**Requirement:** Please set down only the lines below starting with the line with "నల్గొండ జిల్లాలో ఘోర" and going on through the line with "昆明一高中通报老师辱骂打饭学生:系后勤人员,停职调岗", verbatim and without pictures.

**Records for this task:**
__________

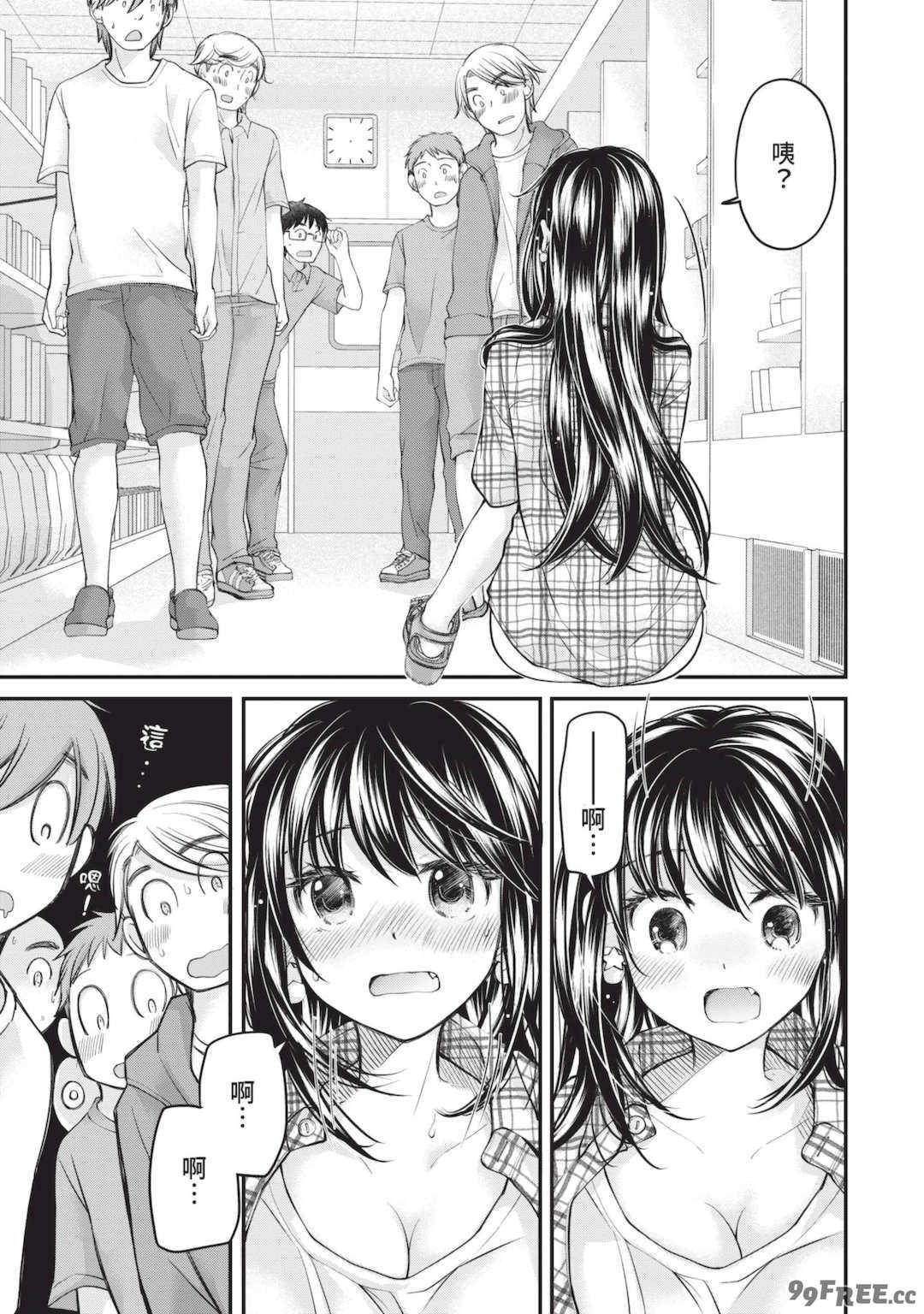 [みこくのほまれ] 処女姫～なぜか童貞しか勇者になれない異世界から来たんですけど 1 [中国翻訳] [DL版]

__________

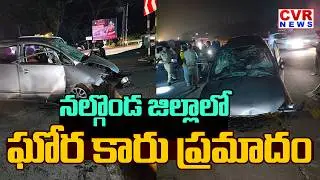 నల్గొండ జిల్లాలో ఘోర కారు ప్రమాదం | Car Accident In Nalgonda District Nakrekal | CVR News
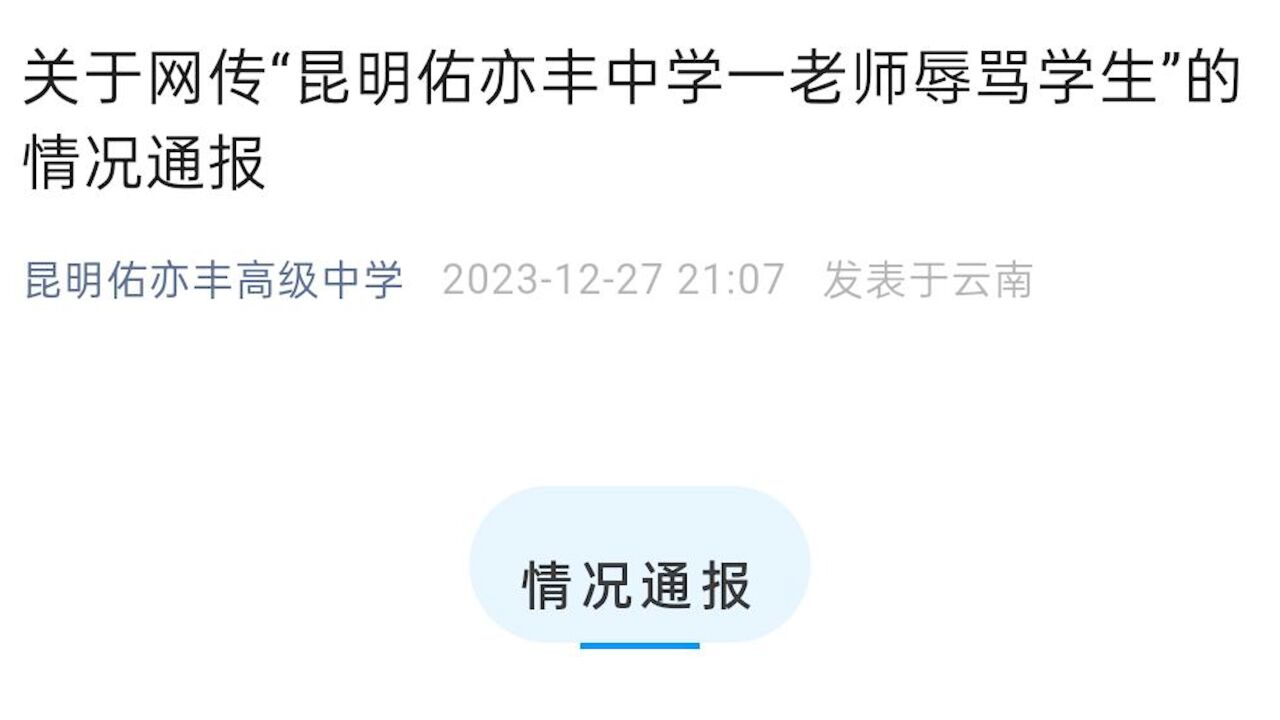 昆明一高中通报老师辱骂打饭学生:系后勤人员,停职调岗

__________

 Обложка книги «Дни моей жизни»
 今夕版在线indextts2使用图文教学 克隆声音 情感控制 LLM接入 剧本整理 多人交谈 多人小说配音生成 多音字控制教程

__________

**Solution for this problem:**
 నల్గొండ జిల్లాలో ఘోర కారు ప్రమాదం | Car Accident In Nalgonda District Nakrekal | CVR News
 昆明一高中通报老师辱骂打饭学生:系后勤人员,停职调岗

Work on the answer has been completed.